Cogió la ijada, llamó a las vacas y tiró del carro hasta el corral. Todo estaba preparado. Faltaba el último trago y lo tenía que hacer él solo. Nadie le iba a ayudar, pero lo tenía que hacer. Entró en la sala por el pasillo que se comunicaba con la portada. La puerta de la alcoba donde dormían estaba abierta. No se atrevía a mirar. Conteniendo la respiración entró y vio los dos cuerpos tendidos. Ella estaba tendida hacia arriba y tenía los ojos cerrados. Él estaba de lado y tenía una mano agarrando la de su mujer. Las manos ya estaban negras.  Las sábanas estaban manchadas. Las heces estaban mezcladas con los vómitos, el hedor era insoportable pero tenía que seguir.  No sabía cómo llevarlos hasta el carro. No los podía tocar. Buscó una manta y la extendió en el suelo. Utilizando una esquina del poncho agarró el brazo de su cuñado y lo deslizó por la cama hasta hacerlo caer sobre la manta. Hizo un hatillo juntando una esquina de la manta con la opuesta. Lo arrastró por el pasillo, lo llevó hasta el corral y lo subió encima del carro. Repitió el mismo proceso, recorrió el mismo camino con el cuerpo de su cuñada y cuando estuvieron los dos cuerpos acomodados en el carro, volvió a coger la ijada, pinchó a las vacas en el cuello y comenzó a subir por la calle que lo llevaba al cementerio. Al llegar a la altura de la casa nueva solo dio un grito:

 El atardecer fue muy largo. Cuando volvió ya era de noche. Dejó el carro en su sitio y desunció una a una las vacas. Las volvió a atar con la cadena al pesebre. Cerró la hornilla por donde entraban y salían las gallinas. Comprobó que las puertas de las cochiqueras estaban bien cerradas.  Encendió una cerilla y cuando la hierba prendió dejó la caja a su lado y salió de la cuadra. Cerró el portón bajero. Se quitó el pañuelo y lo tiró dentro de la cuadra. Lo mismo hizo con el pasamontañas, con el poncho, con las botas de goma y con los guantes. Cerró la puerta de arriba cuando comprobó que el fuego había prendido. Cuando vio que las llamas empezaron a tomar fuerza y el humo comenzó a llenar la cuadra, cuando las vacas comenzaron a dar los primeros resoplidos, los primeros respingos y los primeros espantos; se dio media vuelta, se marchó y ya no volvió a mirar hacia atrás. Solo escuchó los ruidos. 

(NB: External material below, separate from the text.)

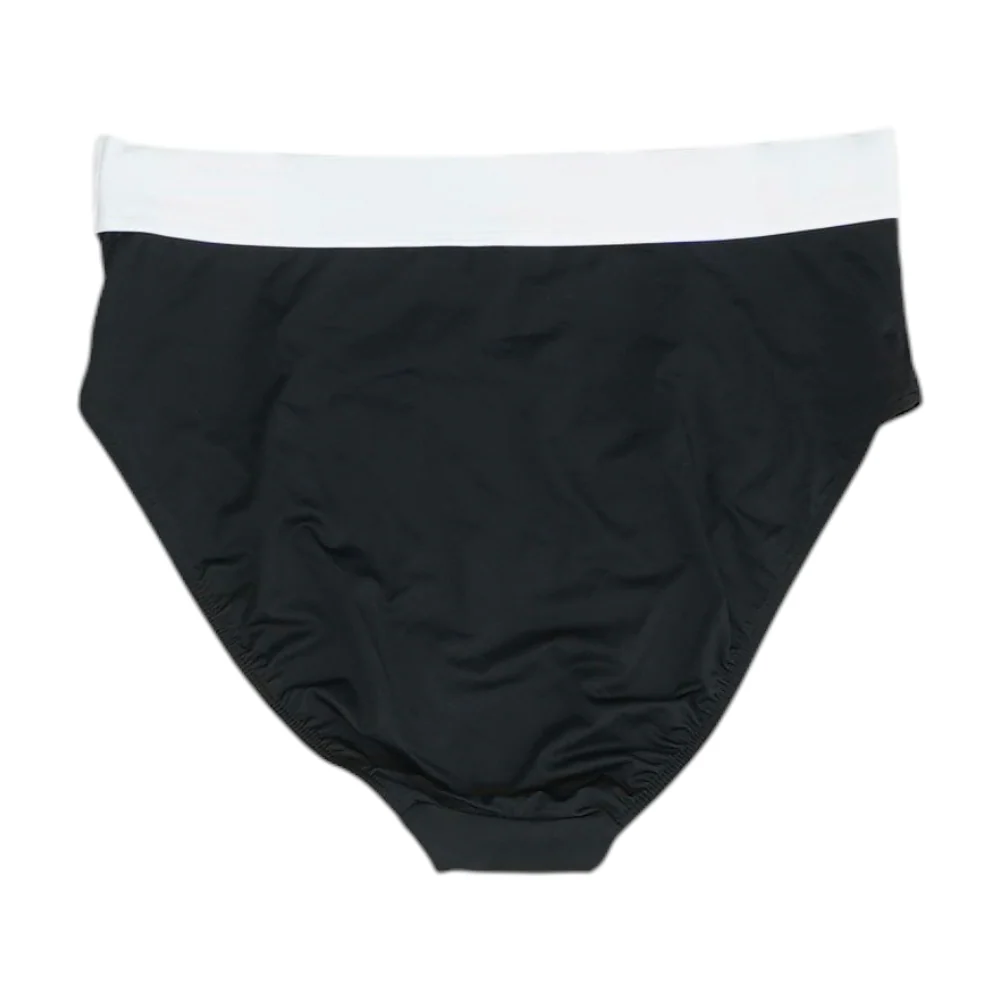 Black Color Block Swim Bottom - Image 2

Los ruidos se hicieron cada vez más intensos, se mezclaban los bramidos con los gruñidos, el cacareo de las gallinas con el balido de los corderos. El golpeo de las cadenas y el pataleo de las vacas en los pesebres con el revoloteo de las gallinas en el gallinero y los saltos desesperados de los corderos y las ovejas. Todos los ruidos juntos, sin poder distinguir muy bien los unos de los otros. Todo un llanto terrible de la naturaleza.

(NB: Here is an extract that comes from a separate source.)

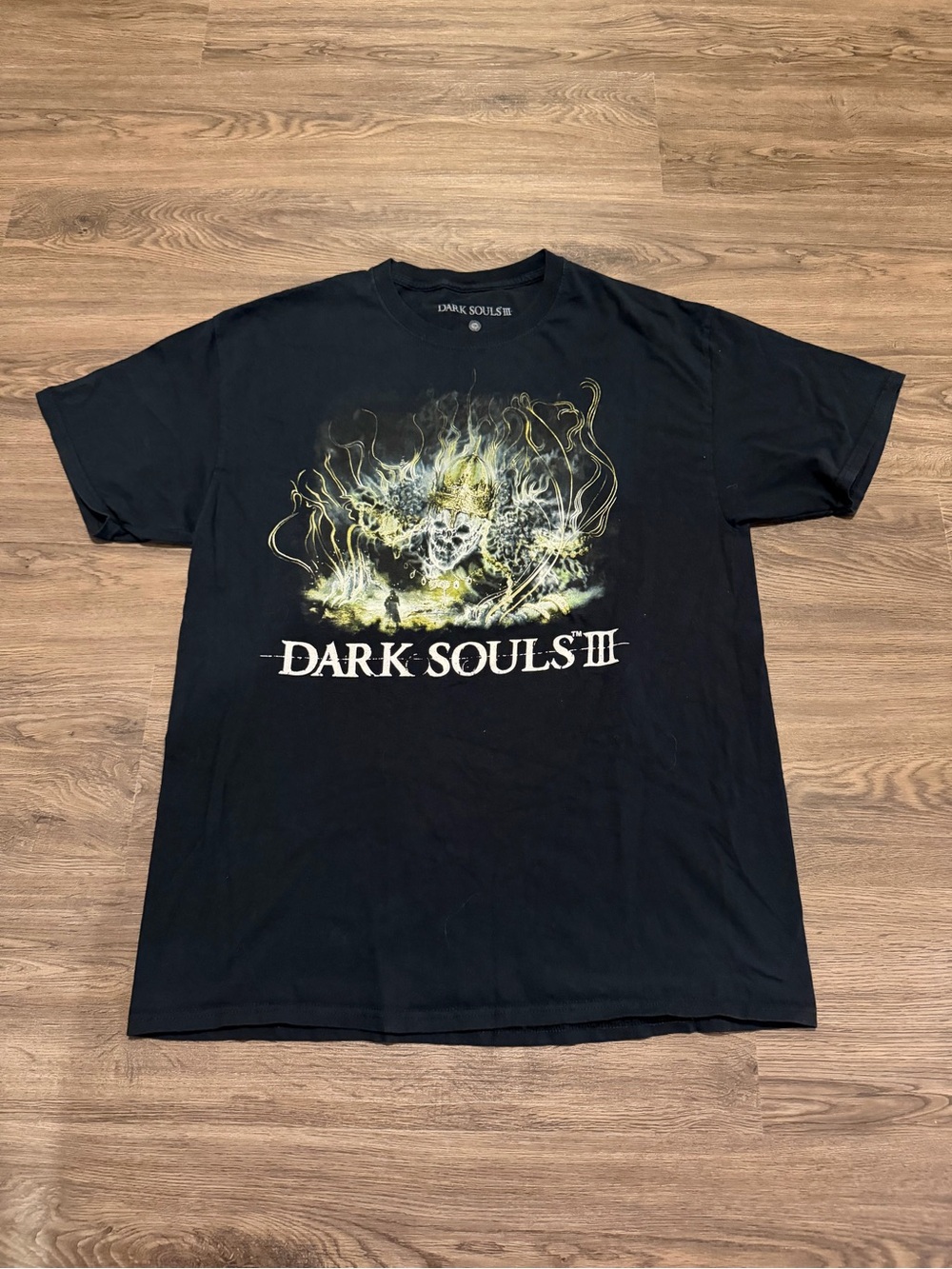 Dark Souls III 2020 Lootwear Exclusive Graphic Promo Black T-Shirt Men’s Large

Oyó cada vez más ruido, escuchó la desesperación, pero no volvió la cabeza. No vio cómo cedían los primeros cabrios del techo, cómo se derrumbó una parte del tejado y las llamas empezaron a vislumbrarse por todo el pueblo. Ruido. Ruido  del fuego mezclado con el grito desesperado de los animales. Ruido que se metía en su cabeza mezclándose con la rabia y la ira que le impedían que las lágrimas salieran de sus ojos. Ruido que le obligaba a andar más deprisa, a golpear con más fuerza el suelo.
Recorrió la calle de la Aldea sin ver el espectáculo que dejaba a su espalda. Era ya entrada la noche cuando las llamas iluminaron el pueblo y todo el mundo supo lo que había pasado en esa casa. Una casa menos en el pueblo. Una casa más… ¡quemada!